The “Amtrak Daily Long-distance Service Study” site, which began operation Oct. 28, now only describes the FRA’s mission to examine the possibility of resurrecting routes dropped when faced with federal budget reductions. Cutbacks, additions, and reroutings occurred throughout Amtrak’s history, but pivotal cancellations came in two groups, in October 1979, and May 1997:
— Floridian: Chicago-Nashville-Jacksonville-Miami/Tampa;
— National Limited: New York-Pittsburgh-Columbus, Ohio-Indianapolis-St. Louis-Kansas City;
— Lone Star: Chicago-Wichita-Oklahoma City-Ft. Worth-Dallas/Houston;
— North Coast Hiawatha: Chicago-St. Paul-Bismarck-Billings-Missoula-Spokane-Seattle.
— Desert Wind: Salt Lake City-Las Vegas, Nev.-Los Angeles;
— Pioneer: Denver-Boise-Portland, Ore.,-Seattle.
Other notable long-distance discontinuances were the New York-Philadelphia-Chicago Broadway Limited in September 1995 (though the Pittsburgh-Youngstown-Chicago segment, over CSX’s former Baltimore & Ohio route, was resurrected as an extension of the New York-Pittsburgh Three Rivers from 1996 until 2005), and the Sunset Limited east of New Orleans, after the route was repaired following damage inflicted by Hurricane Katrina in August 2005.
Historical “routes that qualify” information has yet to appear on the site, though it does begin to list evaluation criteria prescribed by Congress in Infrastructure Investment and Jobs Act legislation:
— Link and serve large and small communities as part of a regional rail network;
— Advance the economic and social well-being of rural areas of the United States;
— Provide enhanced connectivity for the national long-distance passenger rail system;
— Reflect public engagement and local and regional support for restored passenger rail service.
Significantly, lawmakers made it a point to have the FRA oversee the process, rather than Amtrak management.
Section 210 of 2008’s Passenger Rail Investment and Improvement Act had required Amtrak to come up with ways it could improve each long-distance route. Reports developed by Brian Rosenwald’s in-house analytical team showed how financial performance and ridership of both the Cardinal and Sunset Limited would substantially benefit from daily operation, while detailing the equipment manipulations to make that happen. But Amtrak’s management under president Joe Boardman and the company’s board of directors — most of whom still serve in that capacity today — never acted on the recommendations after a perfunctory inquiry about cost to the host railroads. Rosenwald was subsequently forced out.
Of the previously discontinued routes, advocacy groups have been actively engaged in lining up regional support to resurrect the North Coast Limited and Pioneer, though key segments of those trains’ original route (into Butte, Mont., and Boise, Idaho, respectively) have been abandoned or severely downgraded.
That fate especially applies to large swaths of the Floridian’s many former routes through Indiana and the National Limited’s irreplaceable ex-Pennsylvania Railroad main west of Pittsburgh across Ohio.
The site notes, “Over the next year, we’ll be engaging with and listening to stakeholders, including transportation and rail partners, federally recognized tribes, and communities as we evaluate how to better connect people with long-distance rail services.

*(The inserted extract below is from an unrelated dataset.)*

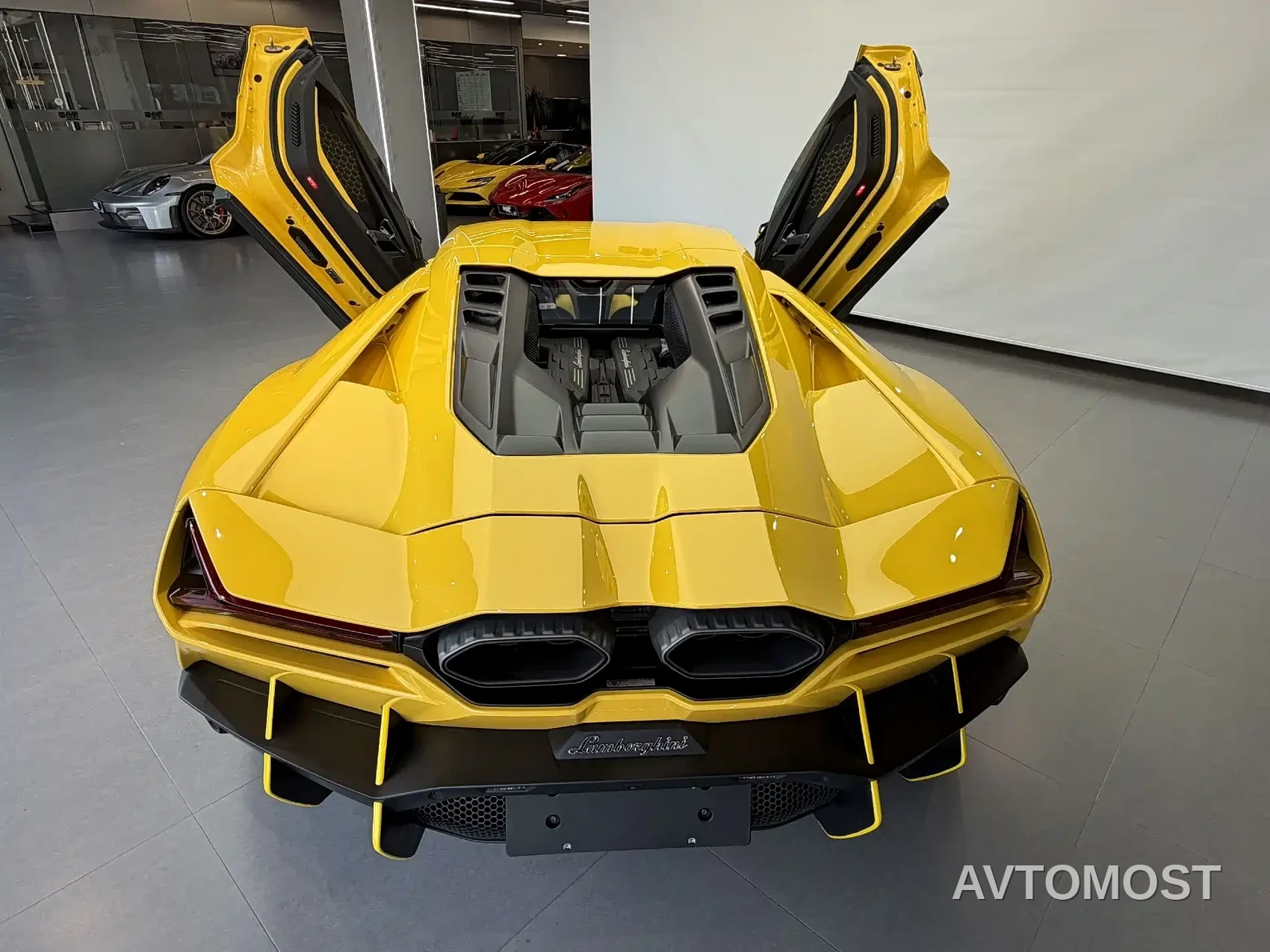 Lamborghini Revuelto 2023 6.5L PHEV Standard — фото 4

This is the first time that many communities, partners, and stakeholders will be included in a study of this magnitude, and we are committed to forming diverse and inclusive groups in every region.”

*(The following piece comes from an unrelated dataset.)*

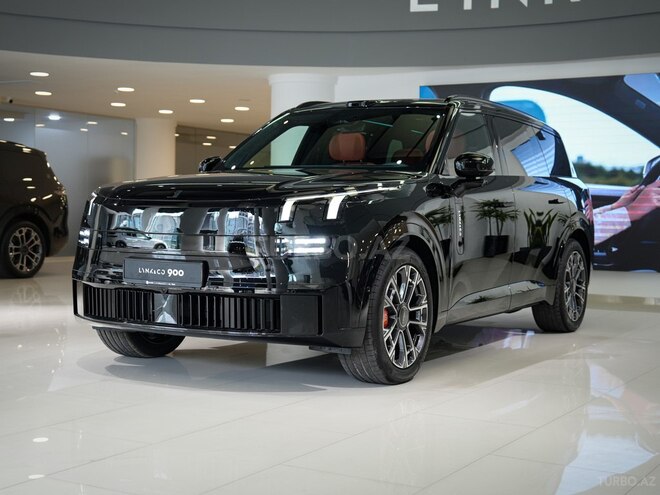 Lynk & Co 900-1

It isn’t clear how a completely intact route with clear marketability like the Desert Wind’s through Las Vegas, Nev., might be prioritized without a groundswell of grass-roots interest. After all, the major weakness that led to its 1997 downfall is that Amtrak management had reduced it to three times per week.
FRA spokesman Cory Gattie tells Trains News Wire that the study will also evaluate potential new long-distance routes. He says, “FRA’s initial engagement with stakeholders was at the [American Association of State Highway and Transportation Officials] Council on Rail Transportation Conference last month in Kansas City. Moving forward, we intend to post further engagement opportunities on the project website as the study progresses.” Those activities are expected to continue through 2023, as the agency evaluates the practicality and financial feasibility of resurrecting discontinued routes.